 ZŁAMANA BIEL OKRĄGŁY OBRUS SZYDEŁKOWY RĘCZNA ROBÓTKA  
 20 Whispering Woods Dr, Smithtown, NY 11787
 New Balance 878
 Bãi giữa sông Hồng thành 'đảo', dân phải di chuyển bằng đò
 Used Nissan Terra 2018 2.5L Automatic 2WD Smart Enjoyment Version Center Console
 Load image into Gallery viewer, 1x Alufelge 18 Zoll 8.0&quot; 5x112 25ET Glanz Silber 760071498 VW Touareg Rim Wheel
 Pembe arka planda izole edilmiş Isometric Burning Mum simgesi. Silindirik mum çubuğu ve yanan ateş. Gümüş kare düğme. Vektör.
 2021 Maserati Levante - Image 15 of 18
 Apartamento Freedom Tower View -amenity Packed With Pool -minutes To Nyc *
______________________________
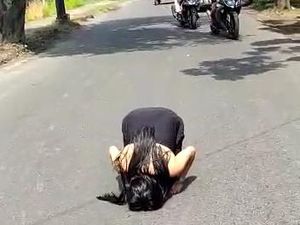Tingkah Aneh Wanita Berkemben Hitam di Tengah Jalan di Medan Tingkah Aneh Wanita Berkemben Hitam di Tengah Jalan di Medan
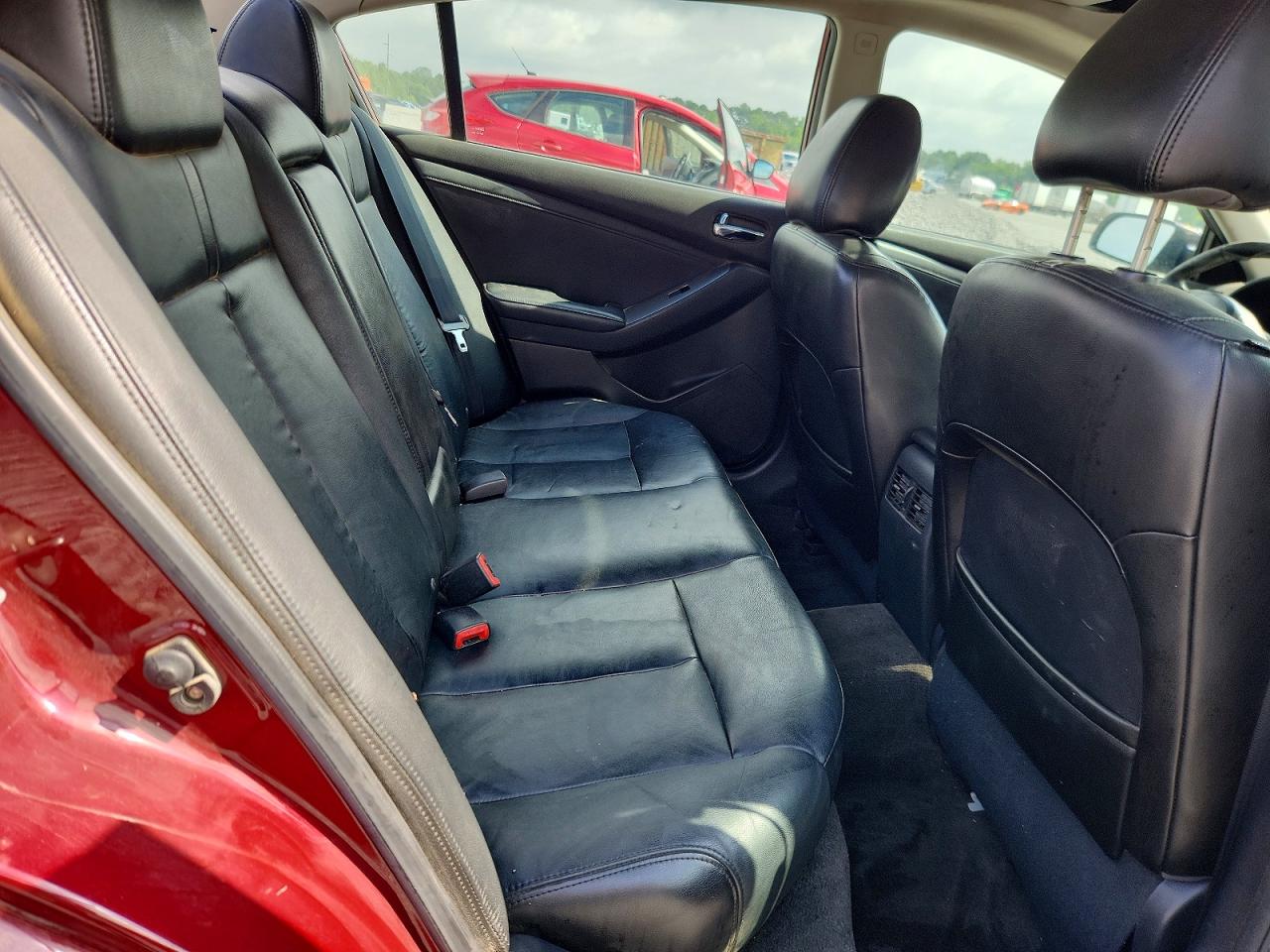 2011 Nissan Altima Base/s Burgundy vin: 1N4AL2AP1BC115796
______________________________
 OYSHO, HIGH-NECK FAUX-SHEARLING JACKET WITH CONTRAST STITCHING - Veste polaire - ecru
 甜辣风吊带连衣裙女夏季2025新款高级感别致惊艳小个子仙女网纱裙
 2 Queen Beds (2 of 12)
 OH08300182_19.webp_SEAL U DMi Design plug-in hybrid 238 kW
______________________________
> _TASK DETAILS_
Given the records above, restate word for word only the lines starting at the one with "20 Whispering Woods Dr, Smithtown, NY 11787" and ending at the one with "Load image into".

> _WORKED SOLUTION_
 20 Whispering Woods Dr, Smithtown, NY 11787
 New Balance 878
 Bãi giữa sông Hồng thành 'đảo', dân phải di chuyển bằng đò
 Used Nissan Terra 2018 2.5L Automatic 2WD Smart Enjoyment Version Center Console
 Load image into Gallery viewer, 1x Alufelge 18 Zoll 8.0&quot; 5x112 25ET Glanz Silber 760071498 VW Touareg Rim Wheel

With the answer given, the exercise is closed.